Here’s the thing: when a new president moves into the White House, the first family gets  $100,000 to redecorate. But when a new vice president moves to the VP residence, the second family gets nothing.

That’s right. Zippo. Zilch. Nada. How embarrassing for the public servant who is just a lunatic with a rifle away from the presidency to have to move into a fully-furnished, antique-filled, 9,150 square foot Victorian mansion without a decorating allowance!

It’s just crazy!

That’s where we come in. We’re the non-profit Vice President’s Residence Foundation, an organization that actually exists. We even have a mission statement:

The primary purpose of the Vice President’s Residence Foundation is to assist in preserving and furnishing the official residence of the Vice President of the United States.

Now, you may wonder how much financial help a vice president (who, if we’re being honest,  tends not to be part of the 47% Mitt Romney was talking about) would need to decorate the residence, especially since the families are allowed to “borrow” artwork from national galleries and museums. (Lynne Cheney, for instance did most of her “shopping” at the Smithsonian’s Hirshhorn Museum, while Joe Biden is making fine use of Archie Bunker’s chair, borrowed from the Smithsonian’s National Museum of American History.**)

Well, what if you were moving into a place temporarily, like a rental, only without the rent part? You know you’re going to have to move out eventually, maybe in eight years, possibly in four, maybe even sooner if the big guy has a coronary. Would you want to invest your own hard-earned, minimally-taxed money to repaint the joint because that pussy Al Gore moved in with a bunch of kids and dogs and painted the walls with reds and yellows?

No you wouldn’t.

By the same token, if you were only going to live there for a few years, you wouldn’t want to have to pay for a major improvement, like, oh, I don’t know, maybe that swimming pool Dan Quayle wanted.

Well that’s where we come in. And where you come in.

Here’s Why We Need Your Help…

You see, we operate financially like the government itself. For instance, according to Guidestar, a group that keeps its eye on non-profit organizations, for the fiscal year ending in 2008, we had revenue of $25,815 and expenses of $148,634.

That doesn’t leave much money for wallpaper.

In the past, we’ve relied solely on contributions from private individuals and corporations, many of whom wanted the vice president to know they were thinking about his comfort, if you get my meaning.
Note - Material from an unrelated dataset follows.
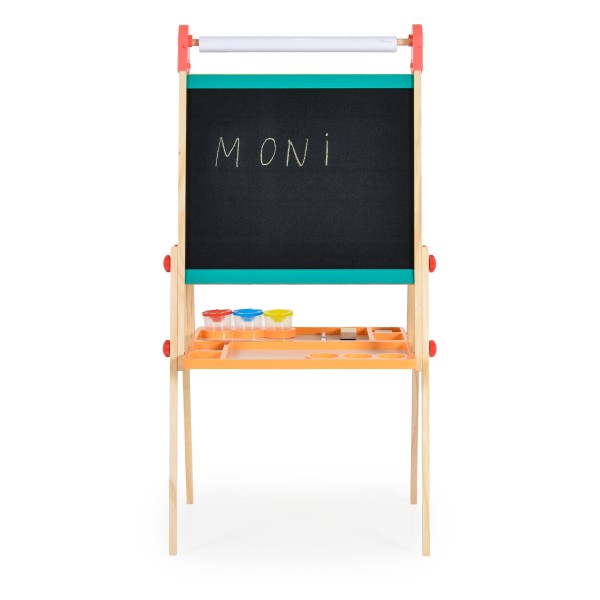 Tabla educativa de desen pentru copii cu doua fete, Moni Cifre si Litere colorate, Inaltime reglabila, Accesorii incluse, Varsta recomandata 3 + Ani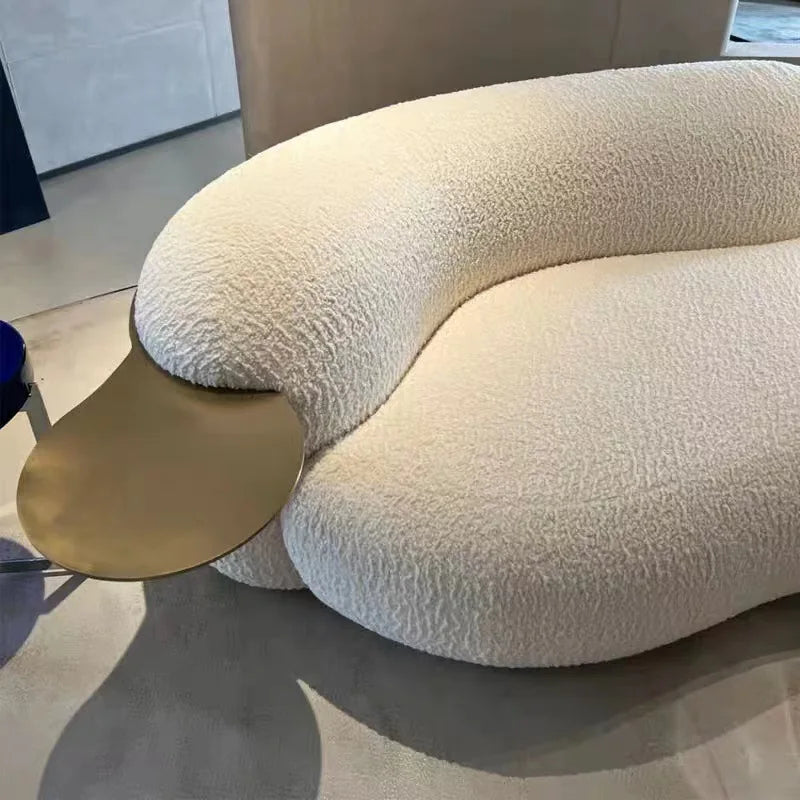 Modern light luxury fashion Italian curved pea pod sofa lamb wool fabric three-person sofa living room furniture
We never had to do much active fundraising; in fact, we don’t even have a website!***

But now, with the very real possibility of a buff incoming vice president who we’re pretty sure is going to want a major home gym set-up, we are forced to turn for the first time to you, a person who made a donation to the March of Dimes in 2006 which got your name on a mailing list of potential donors to anything.

Please give whatever you can to help a poor, unfortunate soul resettle his family in a home that may or may not be decorated with Dick Cheney’s old pacemakers.

Because a vice president who feels at home is a vice president who, um, will be better at showing up at foreign leaders’ funerals. Or whatever the heck vice presidents do.

P.S. Enjoy the name and address stickers enclosed, and see you soon.

*Probably not.

**True about Cheney, Biden, not so much.

***At least none that some lazy blogger could find.